| Data to examine |
- - - -
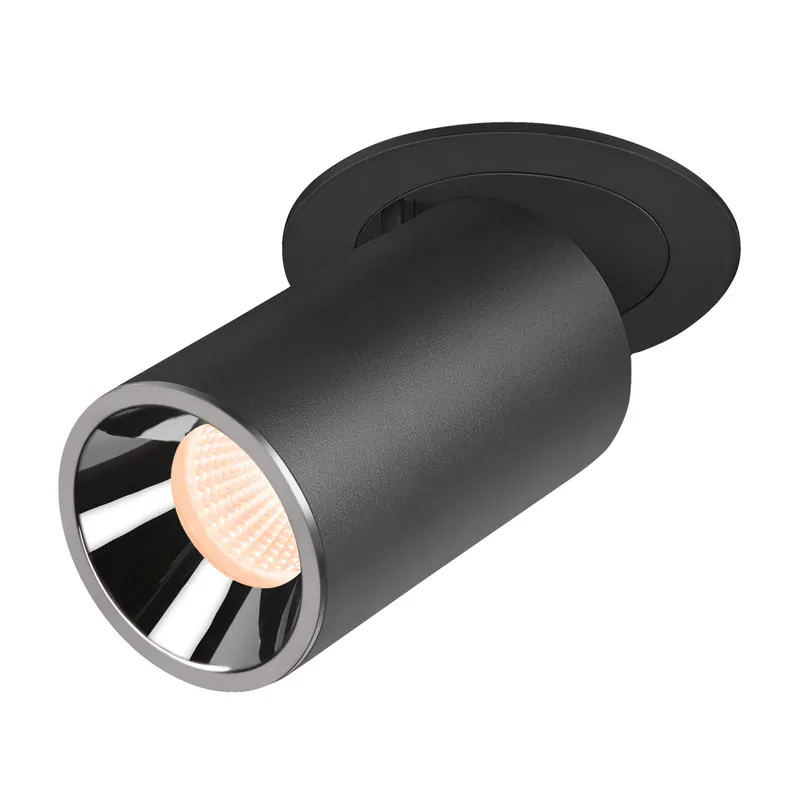 Markenware SLV NUMINOS® PROJECTOR M, Deckeneinbauleuchte, 2700 K, 20°, zylindrisch, schwarz / chrom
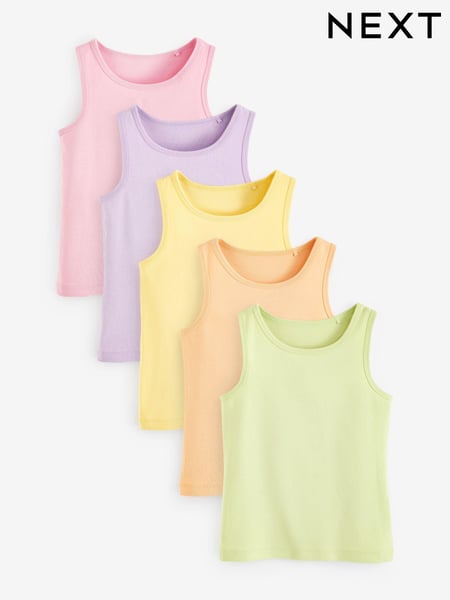 Multi Pastel Vests 5 Pack (1.5-16yrs) (412572) | € 16 - € 23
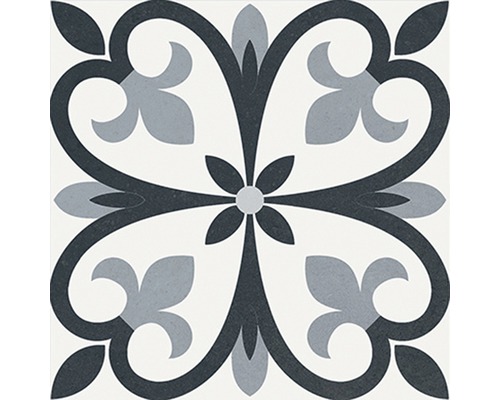 Dekorativ platta med blommönster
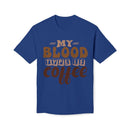 My Blood Type is Coffee Unisex Midweight T-Shirt, Made in US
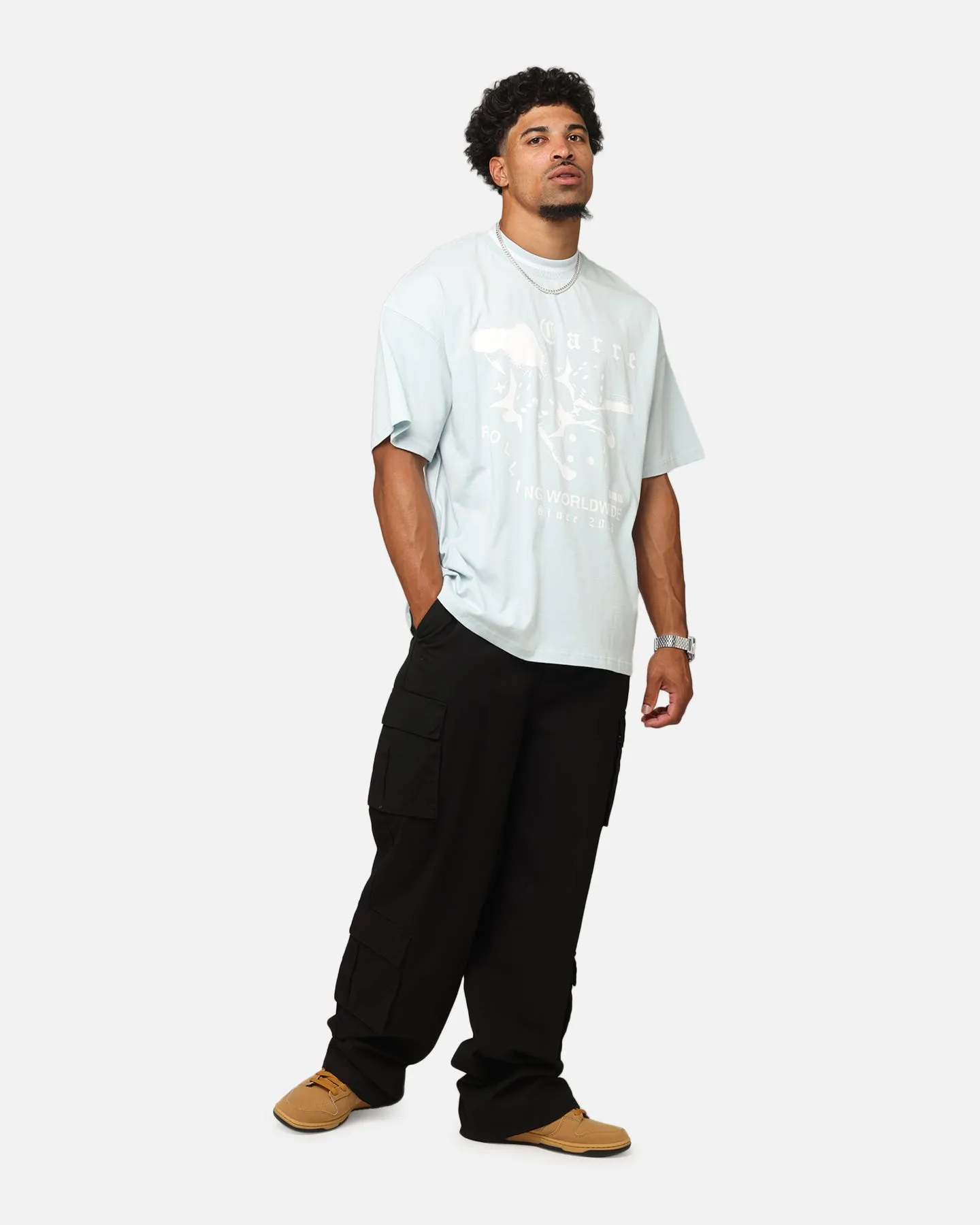 Carre Tactical Baggy Cargo Pants Black sold by Culture Kings product image thumbnail 2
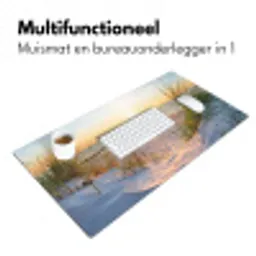 Strand - Zon - Duin - Gras - Zand - Horizon Muismat XXL klein -sfeer4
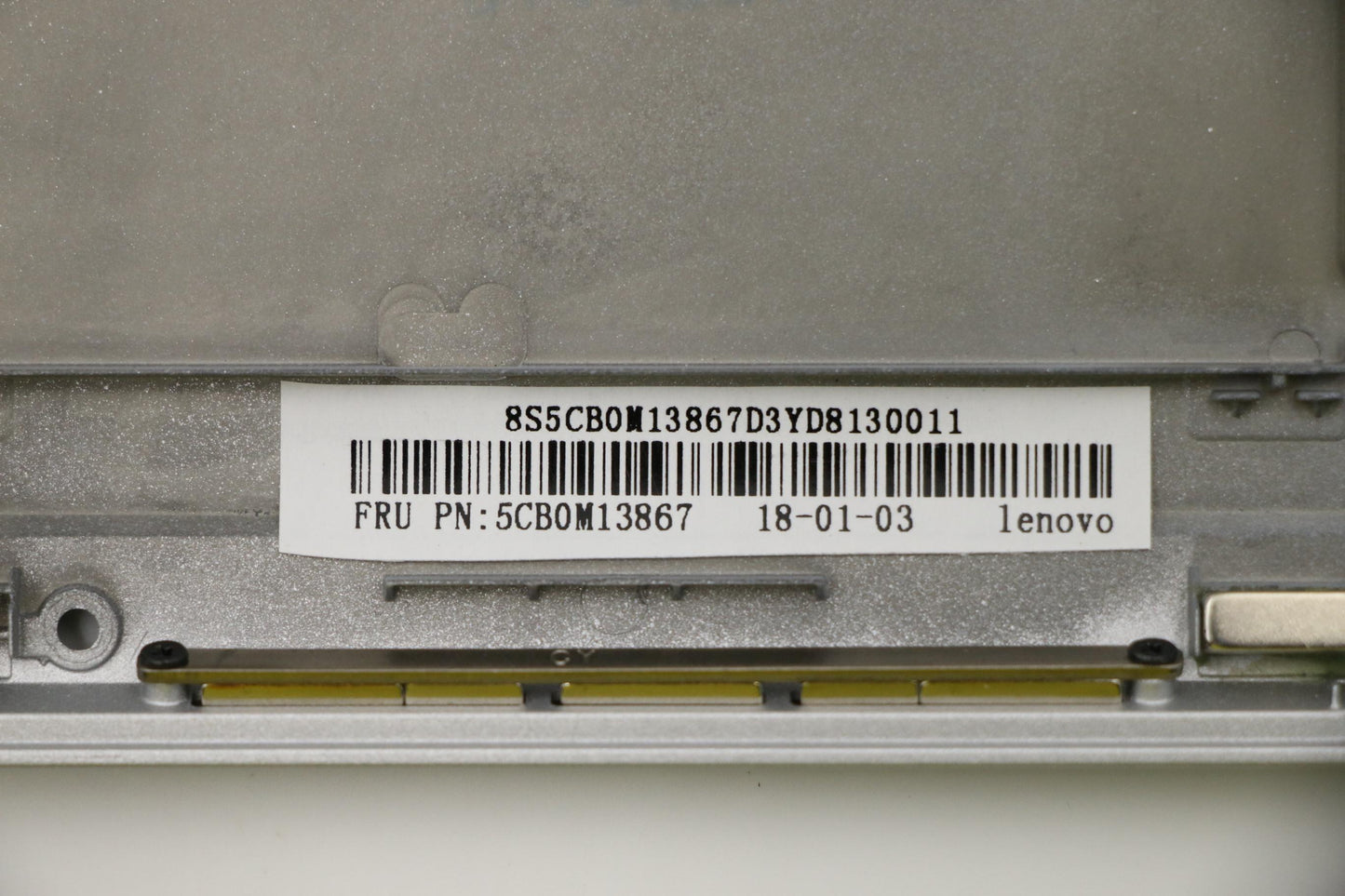 Lenovo Lcd Cover 3N 80U1 Silver - 5CB0M13867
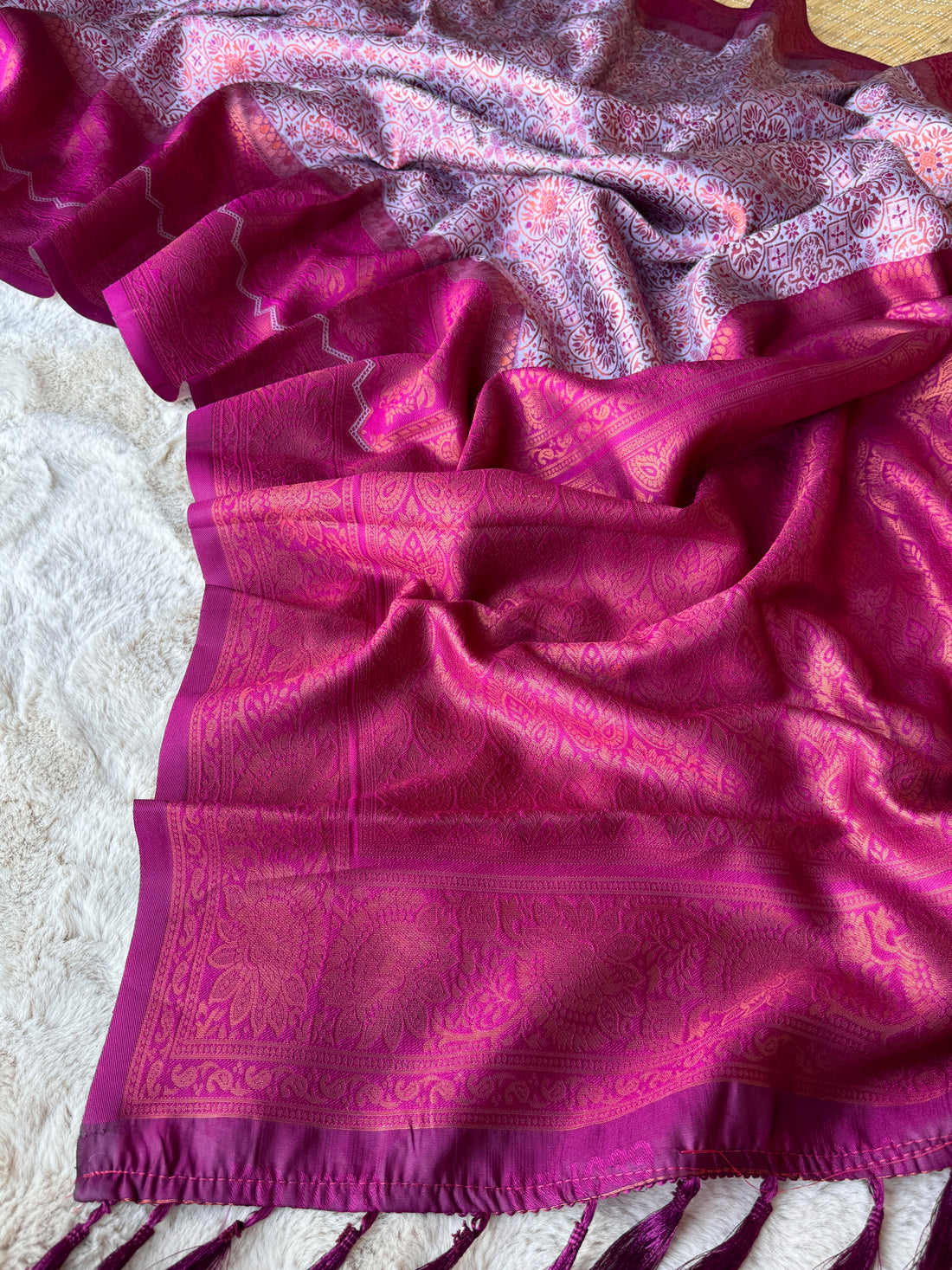 Blossom Designer Tassels Premium Banarsi Silk Saree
- - - -
Your copy should hold only the lines running from the one that contains "Strand - Zon" through the final line of the data; transcribe them exactly, both ends included, and leave pictures out.

| Solution |
 Strand - Zon - Duin - Gras - Zand - Horizon Muismat XXL klein -sfeer4
 Lenovo Lcd Cover 3N 80U1 Silver - 5CB0M13867
 Blossom Designer Tassels Premium Banarsi Silk Saree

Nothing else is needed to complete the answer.